I just finished listening to Lisa Ko’s The Leavers, a novel long-listed for the 2017 National Book Award. The story is about a mother and son who go back and forth between China and New York, leaving the cities and each other behind. Both must leave places and people who love them to figure out why they feel so lost and restless. Ko tells a timely story about immigration and migration, deportation and abandonment and the toll they take, in this case, on Polly Guo, a mother born in a small Chinese village, and her son Deming, born in a huge American city. Both are “leavers,” though for different reasons.

Polly strives to test herself, prove her mettle by starting over again and again. She searches for herself by searching for new opportunities. Deming, adopted by an American family at eleven and renamed Daniel, is restless, too. Unlike his mother, he becomes a leaver because he is lost, and must search for his identity, a Chinese-American with two mothers, neither appreciating the solace he takes, the energy he gets from music.
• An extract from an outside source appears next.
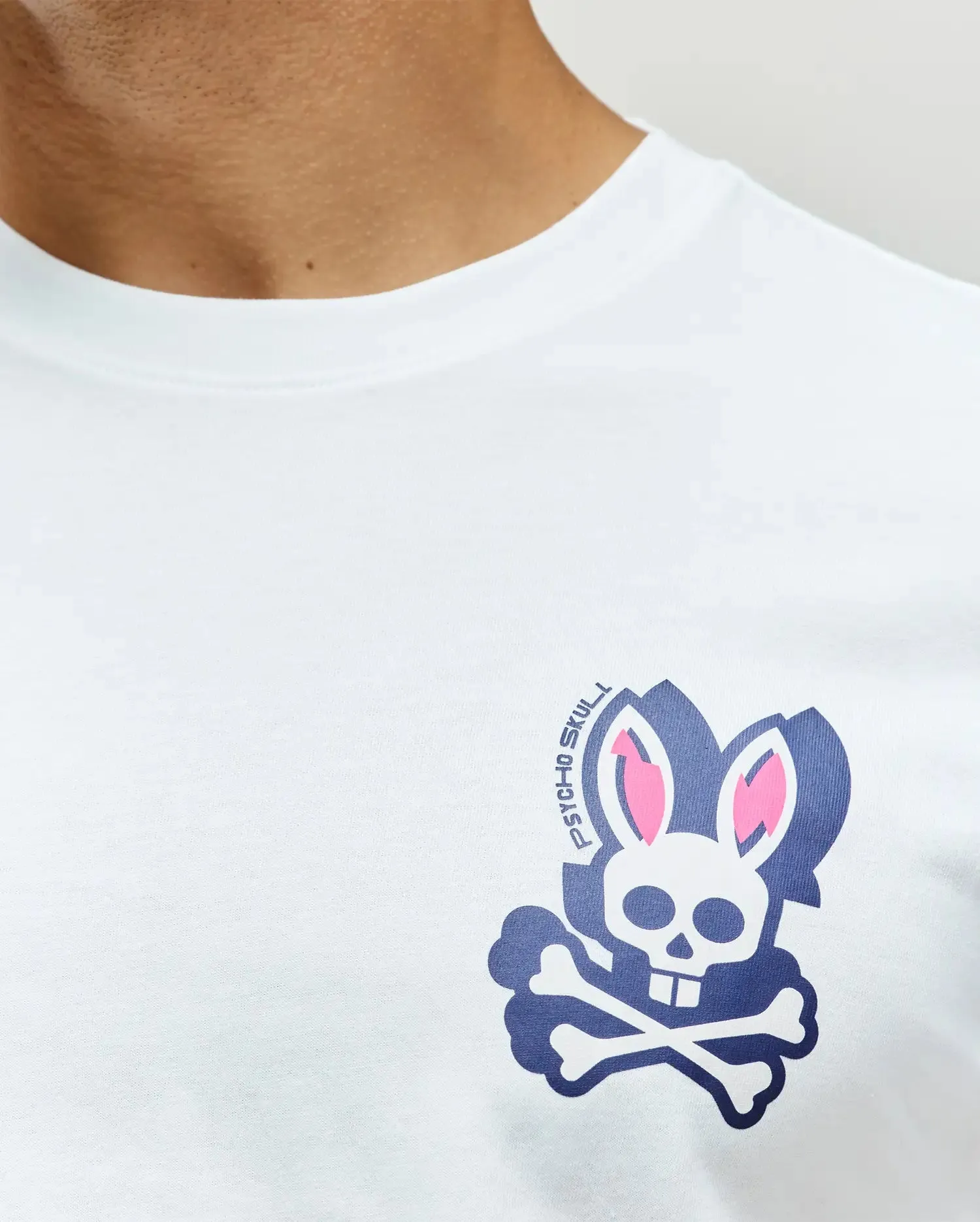 MENS PSYCHO SKULL GRAPHIC TEE - MT0200331 sold by Psycho Bunny product image thumbnail 3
Ko tries to capture his inner, musically-charged life using the richness, and vibrancy of color—as if he is a synesthete (or perhaps it is she herself) who hears the colors, sees them, feels them deeply. At times, Deming’s protracted search for himself into his early twenties is tiresome, and I can’t help but wonder if my sense of weariness was heightened by the narrator of the audio book. Her voice added earnestness to the prose, emphasized a feeling of angst, which is unfortunate. Writers work very hard to avoid this feeling, never want to be seen as too earnest.